Renaldo and the Loaf

  • Renaldo and the Loaf
  • Songs for Swinging Larvae (Ralph) 1979 
  • Arabic Yodelling (Ralph) 1983 
  • Streve and Sneff [tape] (Ralph) 1984 
  • Olleh Olleh Rotcod (Rotcod) 1985 
  • The Elbow Is Taboo (Ralph) 1987 
  • Residents & Renaldo and the Loaf
  • Title in Limbo (Ralph) 1983 

Only the Residents’ label would deign to sign a duo as deeply weird as Renaldo and the Loaf — in real life two Englishmen named David Janssen and Brian Poole (the latter not of ’60s swingers the Tremeloes). Their bizarre studio-doctored vocals, cut-and-paste arrangements, jerky robot rhythms and alien instrumentation (among the pair’s noisemakers: scalpel, metal comb, hacksaw blade, pickle jar, biscuit tins) suggest that Renaldo and the Loaf was evolved in the Residents’ image. Unfortunately, Songs for Swinging Larvae has all the madness and none of the coherence of the Residents’ nutty concepts, its offbeat wit stampeded instead by rampant disorienting eclecticism. Guaranteed to clear the room of your choice.

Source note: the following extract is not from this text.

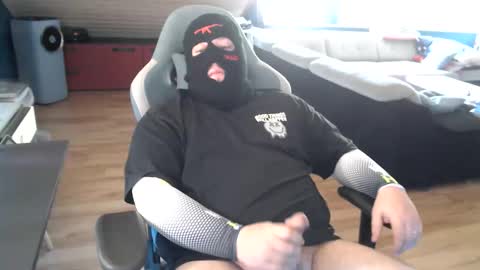 Snapshot of ninocut6 chatting on March 2, 10:11 am ninocut6 online show from March 2, 10:11 am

Arabic Yodelling is roughly more of the same, a collection of Rube Goldberg home-brewed insanity recorded over a two-year period. A bit less weird for weird’s sake (although hardly in danger of mass appeal), it keeps the blindly whimsical faith the Residents themselves were in the process of outgrowing. Title in Limbo, the group’s joint effort with their American soul brothers, however, is not at all enticing. Streve and Sneff is an American reissue of a pre-Larvae cassette the band had previously distributed on their own.

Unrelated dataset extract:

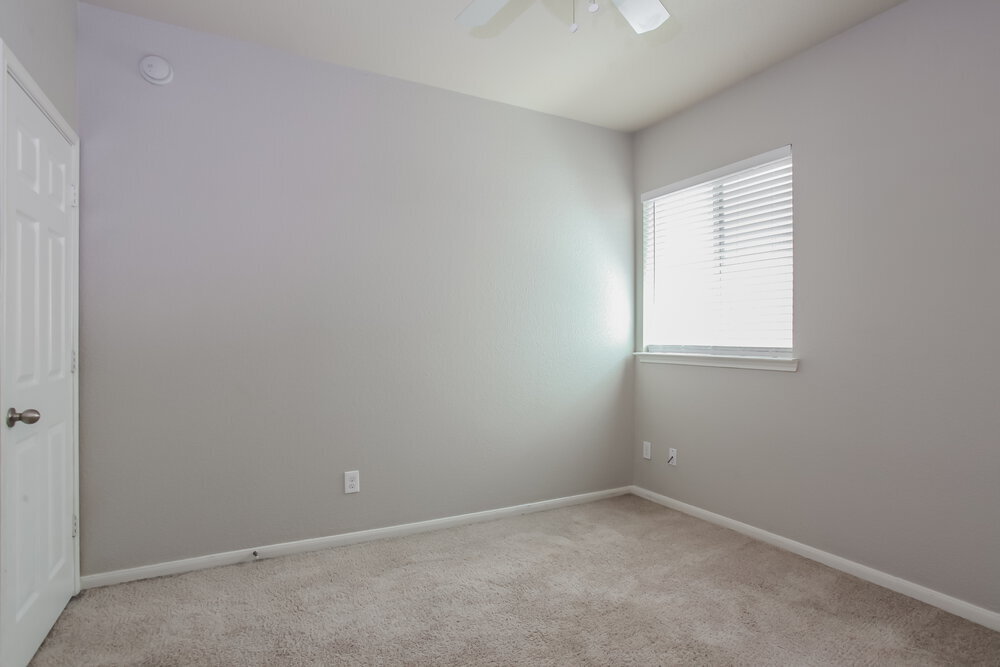 Building Photo - 15702 Flagstone Walk Way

The general worldwide overuse of electronic sampling instruments may partially explain the delightful alternate-reality sound of The Elbow Is Taboo; then again, perhaps Renaldo and the Loaf have simply advanced past musical infantilism. The songs are indeed songs; they may contain obscure, unexpected sounds and bizarre vocals, but little of it seriously impedes the spare, charming folksiness. “A Street Called Straight,” a most agreeable mélange, employs dulcimer and bouzouki as well as a keyboard; the title track shuffles along on a devolved reggae beat with mandolin as a prime instrument; the vocal-less “Dance for Somnambulists” mixes in glockenspiel and guitars. Crazy, man, crazy!